So I understand that the Parthenon is somewhere around here. That's the old broken-down building with no roof, right? I haven't seen that since before the opening ceremonies. Living on Athens time, that seems like about 1983.

Surely, NBC has inundated you with sparkling shots of the Aegean and perfectly lighted images of the Acropolis twinkling in the summer night.

Let me tell you about the Athens and the Olympics that I have come to know.

Some of it must be what is being beamed back stateside - the Olympic Stadium lighting up like a terrestrial constellation at the beginning of the 100-meter dash, Michael Phelps pushing water like an aquatic locomotive.

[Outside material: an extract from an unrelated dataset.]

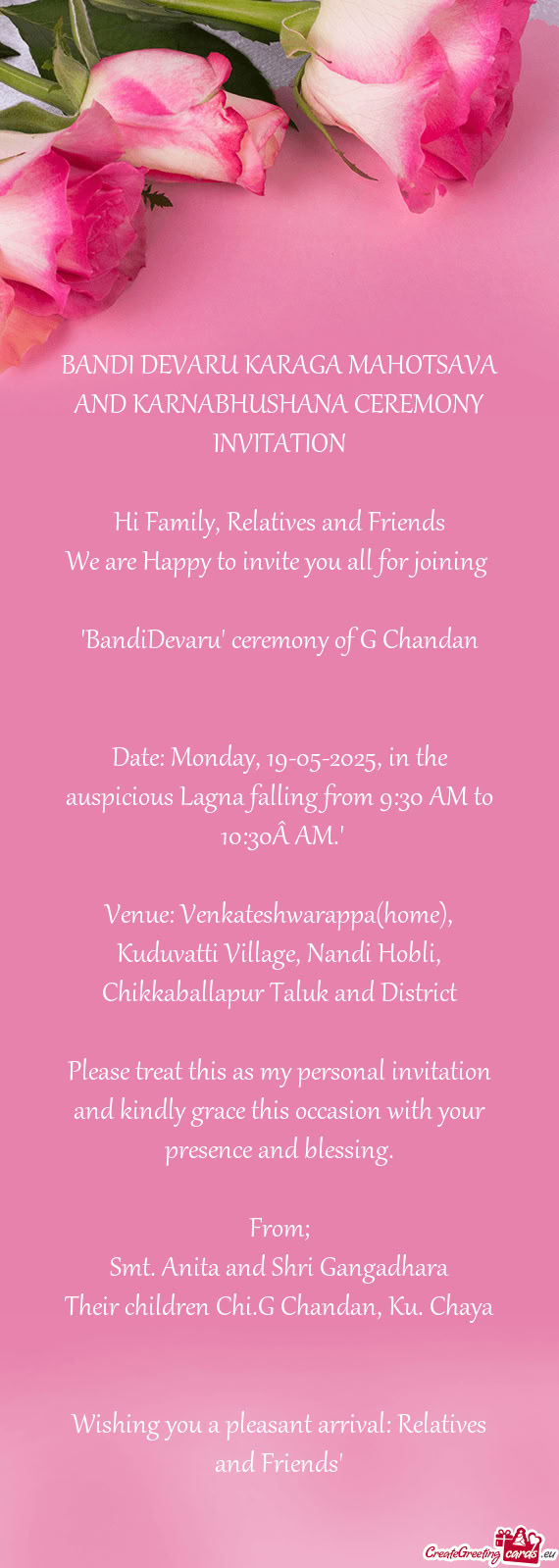 "BandiDevaru" ceremony of G Chandan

But it is also something completely different. It is a never-ending string of nights that seamlessly seep into the wee hours of morning. It is the skitter of fencing sabers and the unexpected elation that a Russian pole-vaulter can inspire. And it is astonishingly bad food.

The Olympics are where you look for them, whether in the ill temper of a thousand protests, the unspeakable beauty of an earnest handshake, or the unlooked-for moments - both exciting and infuriating - that bring the Games out of TV memories and into reality.

I mean, does the sheer majesty of the Olympic Stadium come across on TV? I don't know. But I was not prepared for it. It is magnificent in conception, stunning in scale, breathtaking in intricacy. At one point beforehand, when Athens' Olympic effort appeared to be tilting toward disaster, the International Olympic Committee suggested that organizers simply forget the roof. Organizers were adamant it go up.

I understand why. To step beneath its spindly web of steel and glass is to be at once humbled and awed, to feel instantly more important.

Last week, a Greek man stood outside the stadium speaking to a child in English, pointing to the massive steel bows and sinuous filaments that snatch the canopy into a weightless suspension. With the rapture in his voice, he might as well have been talking about the Acropolis.

These Games have stirred a sense of possibility in the Greek mind that has been sleeping for millenniums. This stadium is an heirloom of a seemingly spent culture that has awakened to realize the power of its own potential.

Tellingly, after a Greek sprinter surprisingly won gold in the 400-meter hurdles Wednesday night, she told a press conference: "No one expects the Greeks to have such achievements.... I wanted to prove that when the Greeks put their mind to it, they can step up to the highest spot on the podium."

Most definitely, there is a bootstrap mentality here - a sense that if the oven doesn't blow up when you turn it on, that's good enough. When I first arrived, the man who showed me to my room had a bit of advice. Turning to the circuit breakers, he said: "Before you take a shower, make sure to turn this one off or there's a chance you might get electrocuted."

Good to know.

For an American, there are many things that are foreign here. For one, the ancient plumbing means toilet paper cannot be put in the toilet. For another, the designations of "a.m." and "p.m." seem to have no significance. These words have come out of my mouth here: "Can we meet for dinner at midnight?" When we finished at about 2:30 a.m., the streets were still teeming.